_ACTIVITY_
Output the full listing again without altering anything.

_RECORDS SHOWN_
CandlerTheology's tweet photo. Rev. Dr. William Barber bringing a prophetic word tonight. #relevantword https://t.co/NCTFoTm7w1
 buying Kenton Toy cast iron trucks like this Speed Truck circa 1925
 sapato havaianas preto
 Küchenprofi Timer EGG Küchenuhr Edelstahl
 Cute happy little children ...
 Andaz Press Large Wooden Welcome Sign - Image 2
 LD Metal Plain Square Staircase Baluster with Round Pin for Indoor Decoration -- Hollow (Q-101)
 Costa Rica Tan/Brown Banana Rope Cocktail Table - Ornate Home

_EXERCISE RESPONSE_
CandlerTheology's tweet photo. Rev. Dr. William Barber bringing a prophetic word tonight. #relevantword https://t.co/NCTFoTm7w1
 buying Kenton Toy cast iron trucks like this Speed Truck circa 1925
 sapato havaianas preto
 Küchenprofi Timer EGG Küchenuhr Edelstahl
 Cute happy little children ...
 Andaz Press Large Wooden Welcome Sign - Image 2
 LD Metal Plain Square Staircase Baluster with Round Pin for Indoor Decoration -- Hollow (Q-101)
 Costa Rica Tan/Brown Banana Rope Cocktail Table - Ornate Home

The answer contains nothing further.